JOURNEE MONDIALE DES ENSEIGNANTS 24ème EDITION 05 OCTOBRE 2017
Discours prononcé par FOKOU KODJO/SECRETAIRE DEPARTEMENTAL
DU SNAES-NOUN
Monsieur le Préfet du Département du Noun ;
Monsieur le Sous-Préfet de l’Arrondissement de Foumban ;
Monsieur le Maire de la Commune de Foumban ;
Sa Majesté le Sultan-Sénateur, Roi des Bamoun ;
Mesdames et Messieurs les Autorités Politiques, Religieuses et Traditionnelles ;
Messieurs les Délégués Départementaux chargés de l’encadrement des jeunes ;
Camarades Secrétaires Généraux des syndicats ici représentés ;
Mesdames et Messieurs les Chefs d’Etablissements ;
Chers enseignant(e)s ;
Camarades syndicalistes ;
Chers invités ;
C’est au nom des syndicats d’enseignants représentés dans le Noun qu’il m’échoit l’honneur de prendre la parole devant vous en ce jour de célébration de la Journée Mondiale des Enseignants. Permettez-moi, au nom de ces différentes organisations, de vous souhaiter une chaleureuse bienvenue sur cette place des fêtes de Foumban.

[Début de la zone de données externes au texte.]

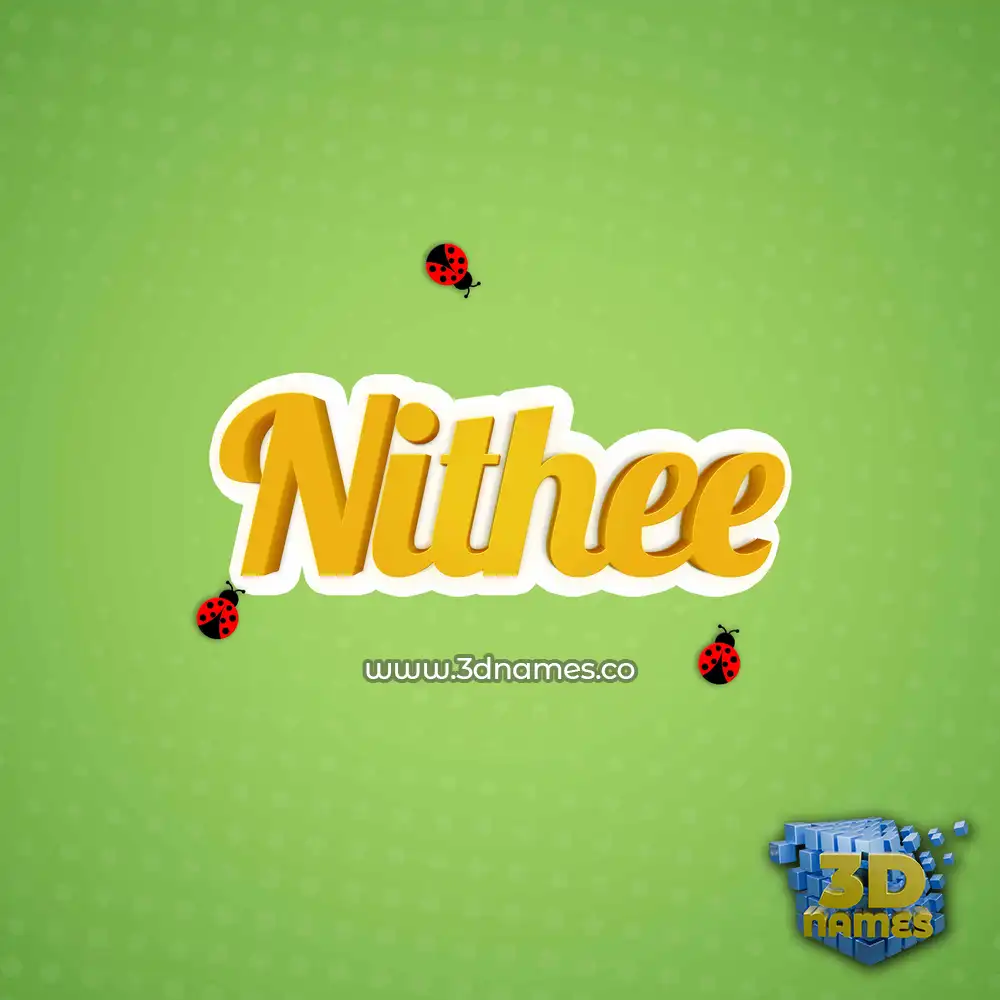 nithee in Ladybugs style - 3D name wallpaper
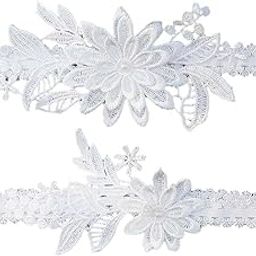 club bollywood Meadawgs® 2Sets Bridal Leg Garters Lace Wedding Bride Dance Garter Set White|Clothing, Shoes & Accessories | Wedding & Formal Occasion |2 Pieces Lace Garter Set-picture-1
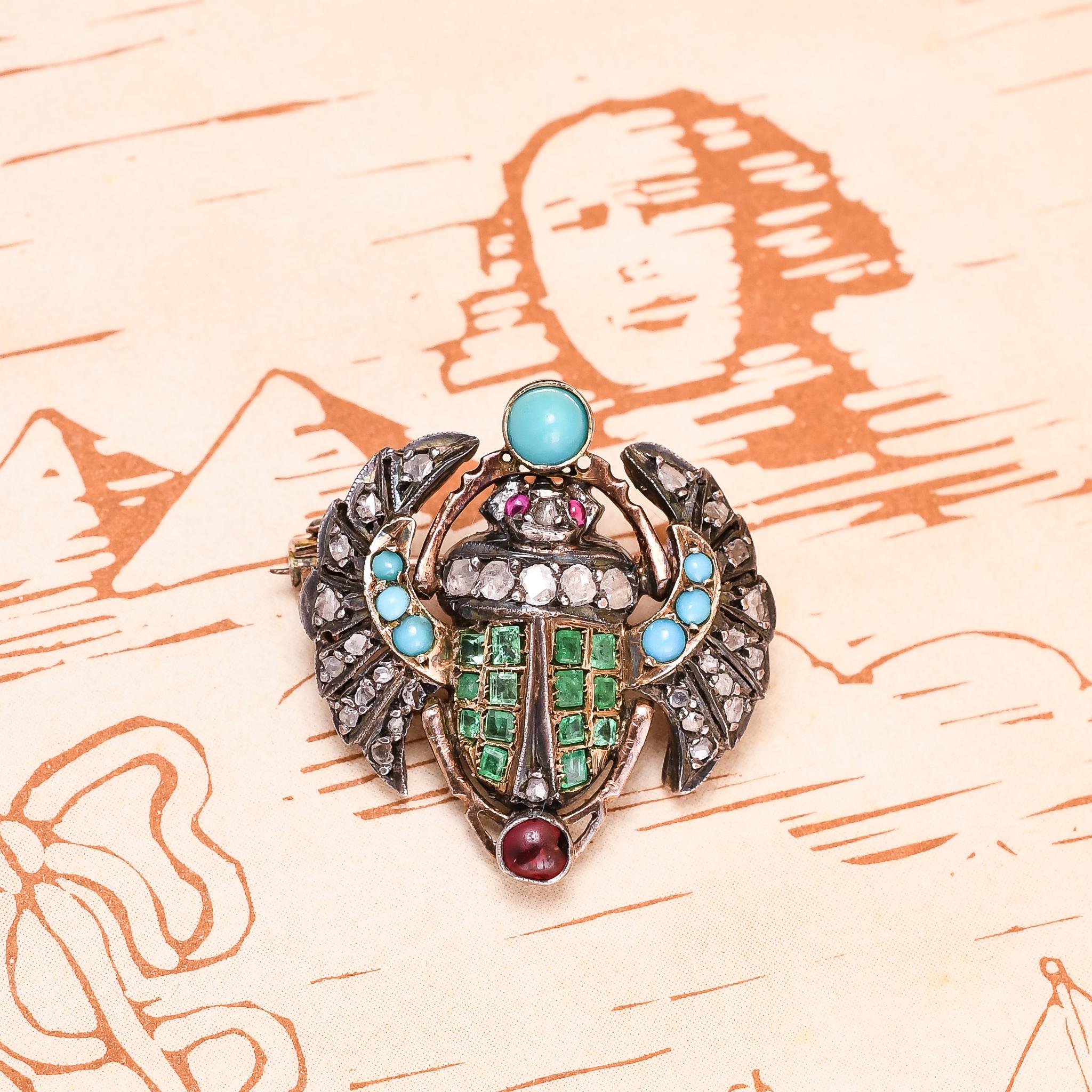Antique Victorian Egyptian Revival Winged Scarab Brooch In Good Condition In Sale, Cheshire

Cette année, la Journée Mondiale des Enseignant(e)s marque le 51ème anniversaire de l’adoption de la recommandation OIT/UNESCO concernant la condition du personnel enseignant. En effet, c’est au cours de la conférence intergouvernementale spéciale sur la condition du personnel enseignant tenue à Paris le 5 octobre 1966, que fut adoptée cette recommandation qui reconnait ainsi « le rôle essentiel des enseignants dans le progrès de l’éducation, l’importance de leur contribution au développement de la personnalité humaine et de la société moderne », tout comme la nécessité « d’assurer aux enseignants une condition qui soit à la mesure de ce rôle ». Elle rappelle aussi l’adoption en 1997 de la recommandation sur la condition des enseignants du supérieur. L’UNESCO et les institutions coorganisatrices de la Journée Mondiale des Enseignants (OIT, UNICEF, PNUD et IE) dédient également cette journée à la célébration d’un engagement moral intergouvernemental unique, seul instrument normatif international concernant les enseignants, tout comme, elle réaffirme sa volonté d’être au plus près des enseignants dans leurs luttes pour la valorisation de leur profession. Les enseignants sont donc appelés ce jour à rappeler à leurs gouvernements respectifs les engagements de ces derniers et à exiger d’eux l’aménagement des conditions nécessaires à leur plein épanouissement dans l’accomplissement de leur lourde mission. Ainsi, avec ou sans pagne, mais surtout avec beaucoup de dignité, la réflexion, la mobilisation et, partout où cela s’avère nécessaire, la revendication doit être de mise.IMG-20171006-WA0036
Le thème de la journée mondiale des enseignant(e)s 2017 est « Enseigner en liberté, Autonomiser les enseignants ». Ainsi, Dans une société en pleine déliquescence et faisant face à divers types d’extrémismes, notamment religieux, politique ou communautariste ; Une société où les hordes de voyous peuvent régulièrement s’introduire impunément dans les sanctuaires du savoir et s’attaquer sauvagement à leurs dépositaires ; dans un contexte où nos campus d’écoles, des collèges et lycées souffrent de nombreuses immixtions politiques, religieuses,
sectaires ou tribales, ce thème sonne comme un appel à sauver les derniers remparts contre la déchéance que sont l’enseignant en particulier et l’éducation en général, afin que l’école aux dires de Henri Roland Villarceaux
« demeure le creuset où fermentent toutes les imaginations que la science éclaire de sa flamme de vie » .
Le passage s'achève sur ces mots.